Preferably, rod 250 strikes reaction surface 305 with actuator tip
254. The relatively large surface area of actuator tip 254 may
reduce local pressure when actuator tip 254 pushes against reaction
surface 305. With this arrangement, actuator tip 254 deforms upper
portion 202 as actuator tip 254 strikes reaction surface 305
instead of potentially puncturing reaction surface 305.
As upper portion 202 deforms, lower portion 203 may also be
deformed because lower portion 203 is bolted to upper portion 202.
In some embodiments, lower portion 203 may be configured to deform
at bend point 410. This deformation at bend point 410 releases some
of the pressure exerted by hood hinge 201 on hood 150. Through the
force of actuator tip 254 striking reaction surface 305 on hood
hinge 201, hood 150 is forced upward to provide crush space for a
potential pedestrian striking hood 150.
As hood 150 is pushed upwards, hood 150 may also slide rearward
toward a rear portion of the motor vehicle. Likewise, hood hinge
201 will also slide rearward. When hood hinge 201 slides rearward
actuator tip 254 will become misaligned with catching hole 355.

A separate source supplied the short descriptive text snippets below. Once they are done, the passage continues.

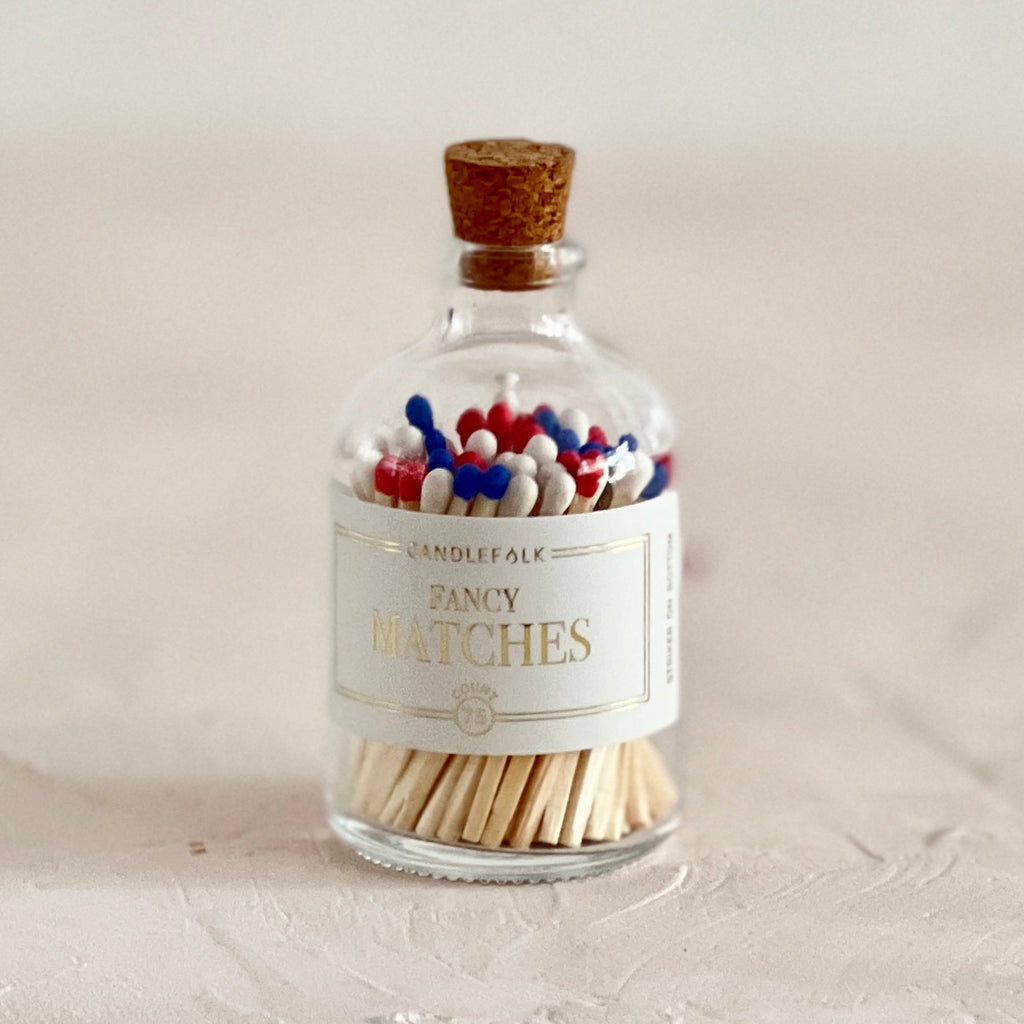 Small glass bottle with cork lid and white label with gold text saying, “Candlefolk Fancy Matches”. Filled with wooden matches with red, white and blue tops.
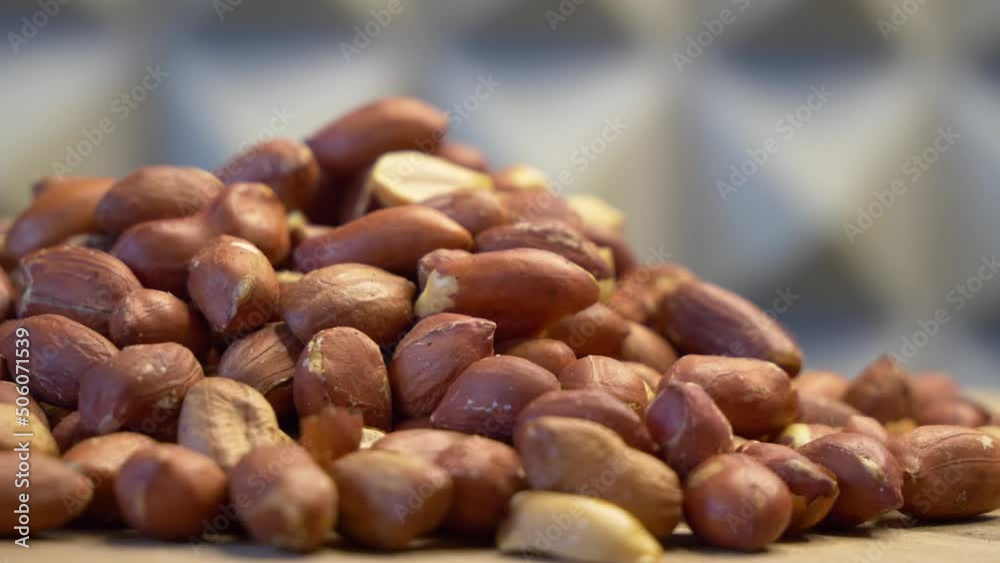 Roasted peanuts on a rotating surface close-up. Highly detailed video. Roasted peanuts on a rotating surface close-up. Highly detailed video.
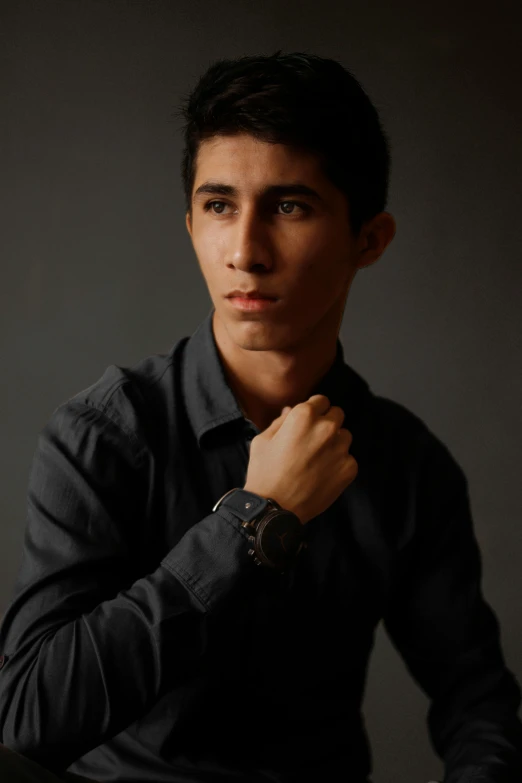a young man wearing a black shirt and celet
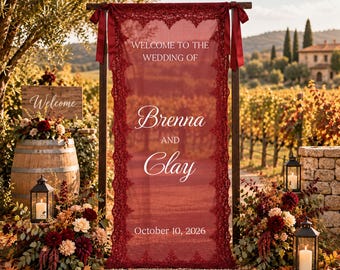 May include: A vertical deep red fabric wedding sign featuring white text that reads Welcome to the wedding of Brenna and Clay October 10, 2026. The banner is framed by intricate dark red lace borders and is suspended from a wooden frame with ribbons.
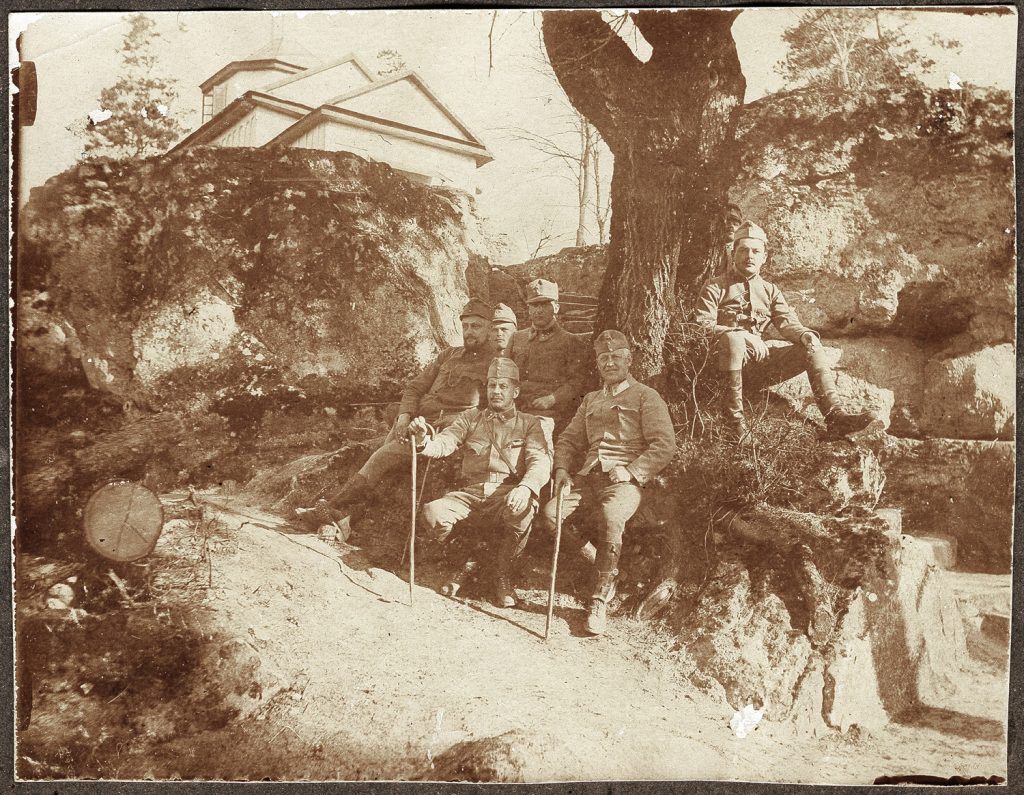 wojskowi  w mundurach armii austro-węgierskiej, portret zbiorowy w plenerze, na tle budowli z wieżą; fot. z albumu zw. temat. z frontem ros. w cz.I wojny świat.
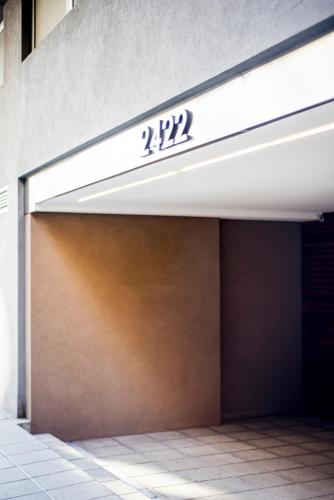 a garage door with the number on it at Top Rentals WOW Nuñez in Buenos Aires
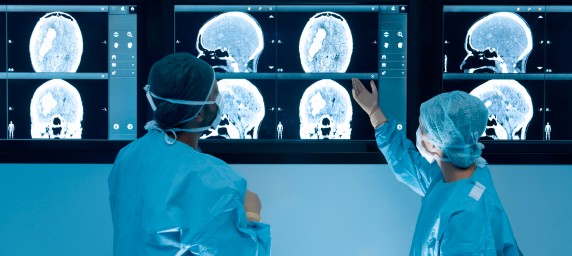 surgeons reading scans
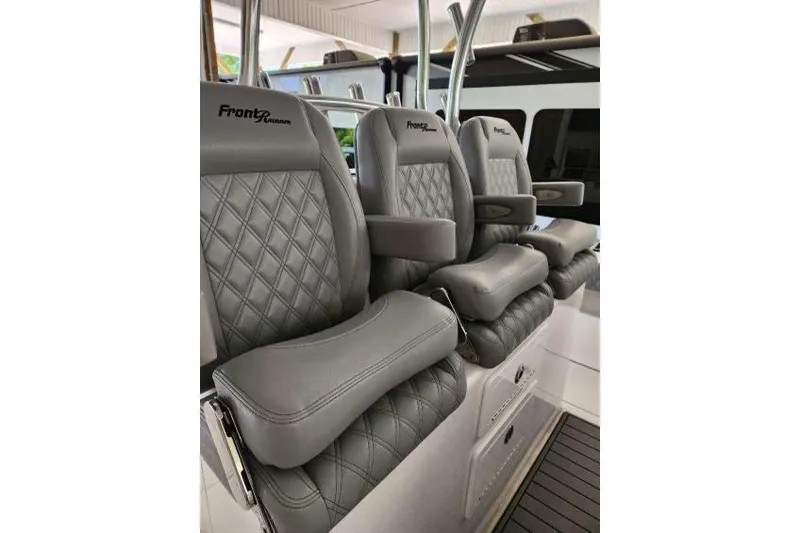  Yacht Photos Pics 2023 Front Runner 36 cc boat seats with gray diamond-stitched upholstery and armrests.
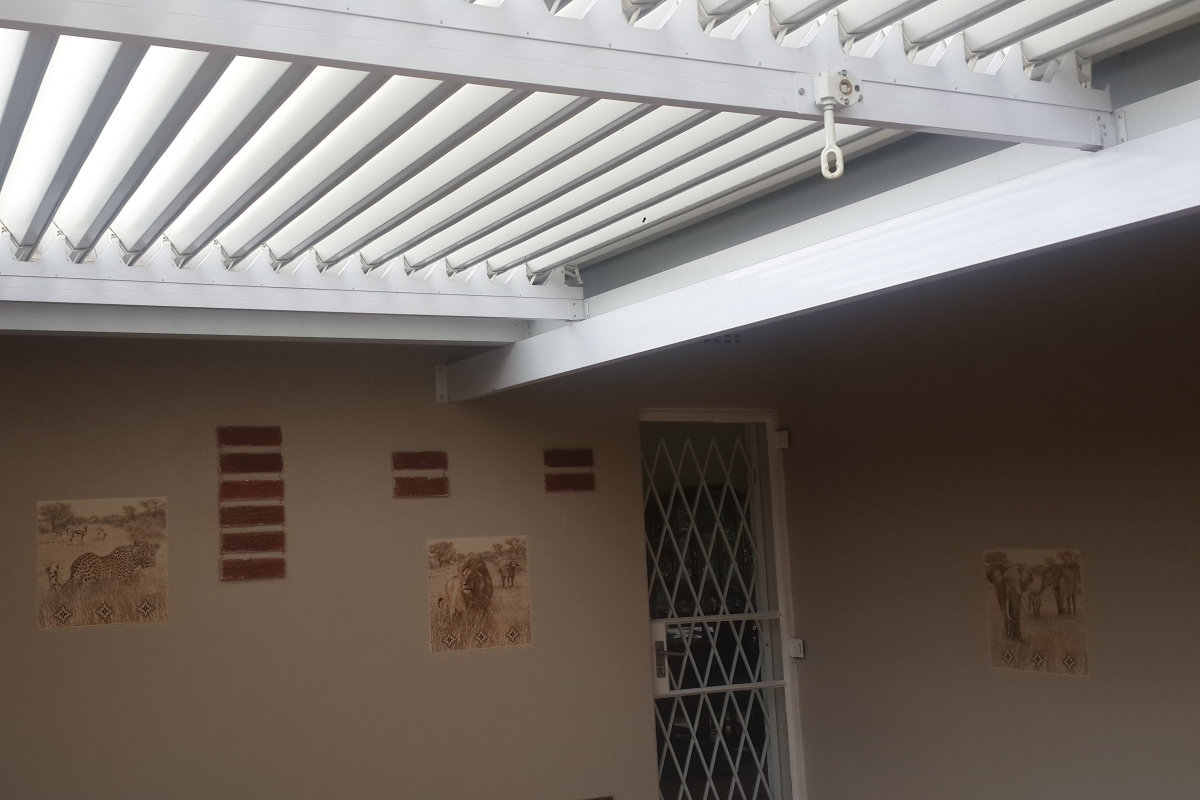 Patio Tile Feature and Louvered Roof Open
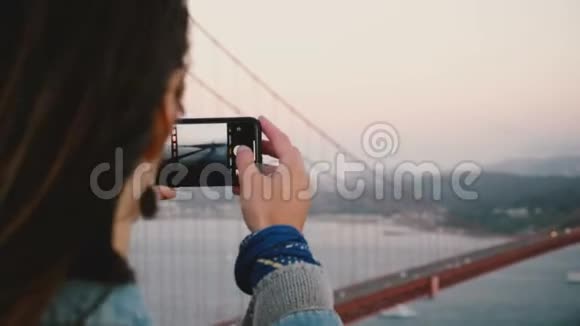 后景特写年轻女士拍摄智能手机照片惊人的日落金门大桥在旧金山美国视频的预览图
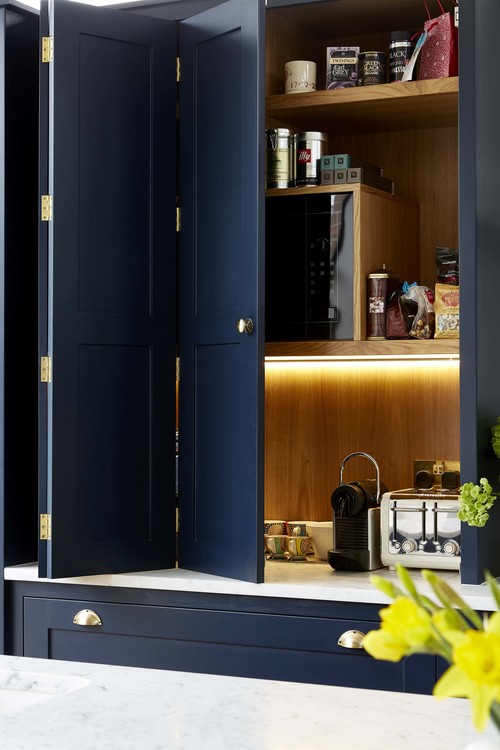 The cabinets hold the appliances and are lit up inside for comfort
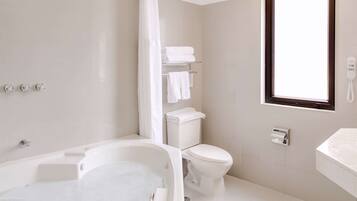 A modern bathroom with a bathtub, toilet, and a window.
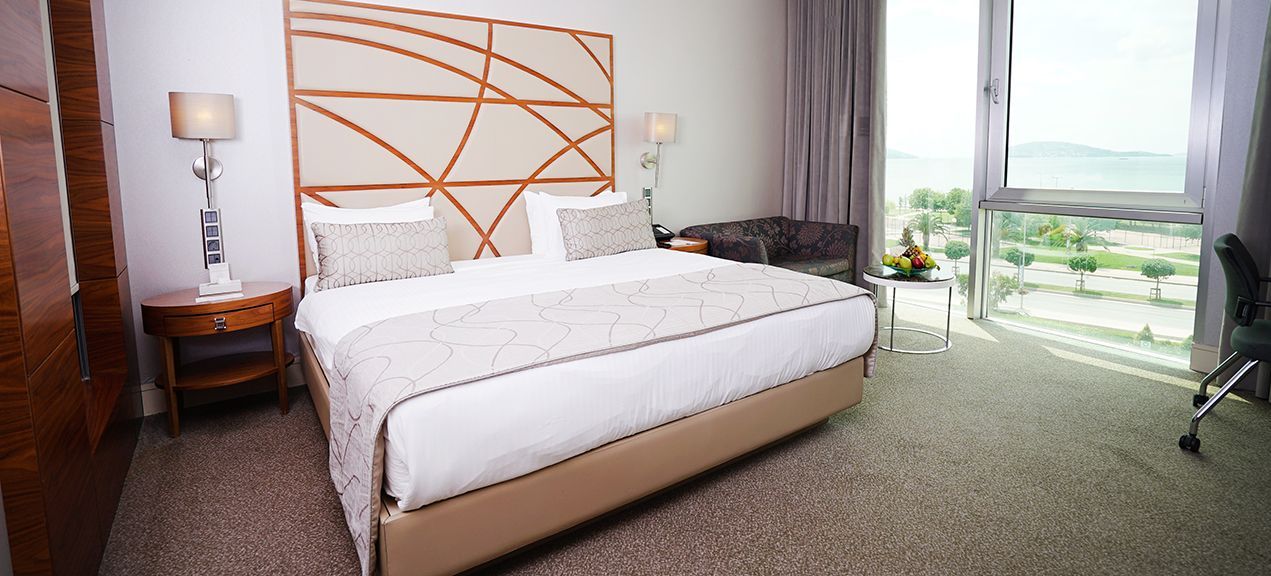 Modern hotel bedroom with a king-size bed, large window, desk, and a scenic view.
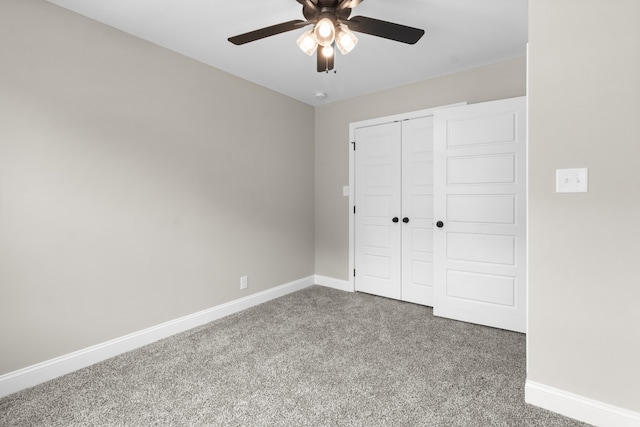 unfurnished bedroom featuring carpet floors, a closet, baseboards, and a ceiling fan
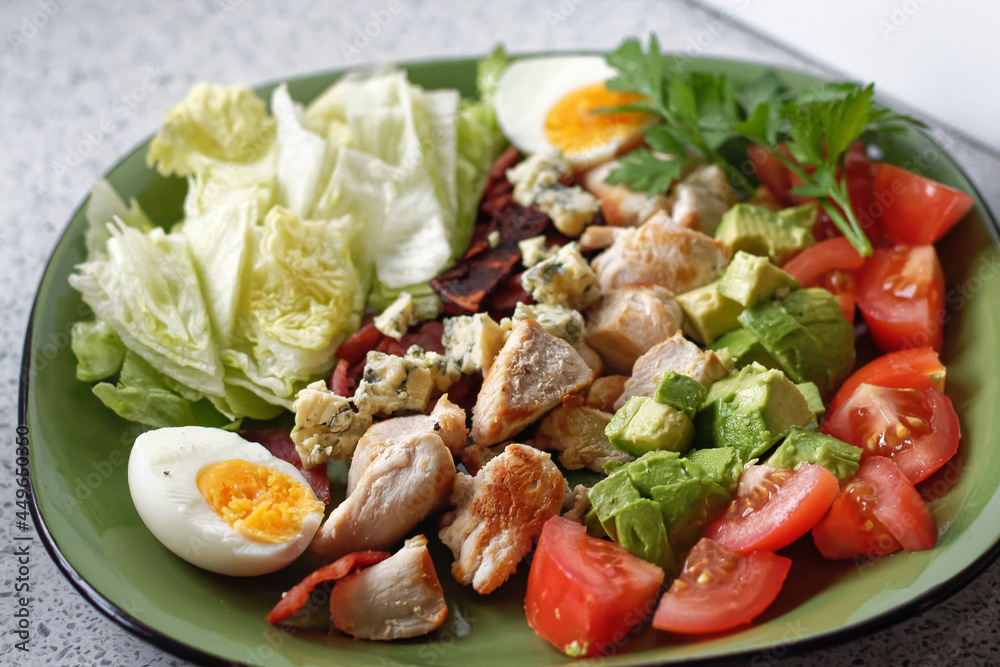 A colourful cobb salad freshly prepared on a green plate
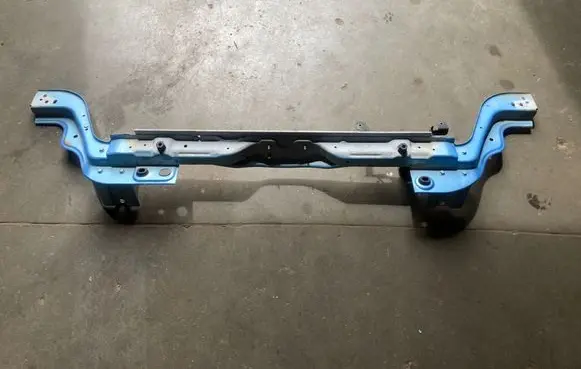 Top upper radiator support slam panel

Preferably, this causes actuator tip 254 to be locked within hood
frame 153. In particular, pressure from edge 405 of catching hole
355 will force rod 250 and actuator tip 254 to remain within cavity
156. Additionally, the broad flat shape of actuator tip 254 may
assist in keeping rod 250 within cavity 156. With this arrangement,
rod 250 will be prevented from falling downward after the force
from actuator 253 is depleted. In other words, actuator tip 254 and
hood hinge 201 may be fixedly engaged when actuator 253 is in this
fully extended position.
While rod 250 is pressed against edge 405 of catching hole 355, rod
250 will preferably stop hood 150 from sliding further in the
rearward direction. By stopping hood 150 from sliding further
rearward, rod 250 may prevent hood 150 from impacting a windshield
and potentially causing injury to a driver or a passenger.
In prior designs, hood lift devices may increase the likelihood of
a hood impacting a windshield during a collision. As previously
discussed, when a hood lift device deploys prior to the collision,
the rear portion of the hood is pushed upwards. In a frontal
collision, the hood may be configured to fold at a predefined weak
point to absorb some of the force of the collision. In some cases,
this combination of forces may cause the rearward edge of the hood
to over rotate and impact the windshield. By pushing up a rear
portion of a hood prior to a collision, a hood lift device may
cause a hood to be pushed into a windshield when the hood is forced
rearward during a frontal collision.
FIG. 5 illustrates a schematic view of an exemplary embodiment of a
front portion of motor vehicle 500 in a post-impact condition.
Preferably, motor vehicle 500 includes hood lift device 525. While
hood lift device 525 is configured to deploy in a collision to
protect a pedestrian, hood lift device 525 may also deploy in other
collisions including motor vehicle-to-motor vehicle collisions. In
the current embodiment, motor vehicle 500 collides with another
motor vehicle, not shown in this Figure for purposes of
clarity.
As motor vehicle 500 experiences a frontal collision with another
motor vehicle, hood lift device 525 deploys when signaled of an
imminent collision. In this embodiment, rod 560 strikes a portion
of hood hinge 501 to push rear portion 551 of hood 550 upward. The
force from rod 560 deforms hood hinge 501 at bend point 510. This
causes rear portion 551 to be pushed upward.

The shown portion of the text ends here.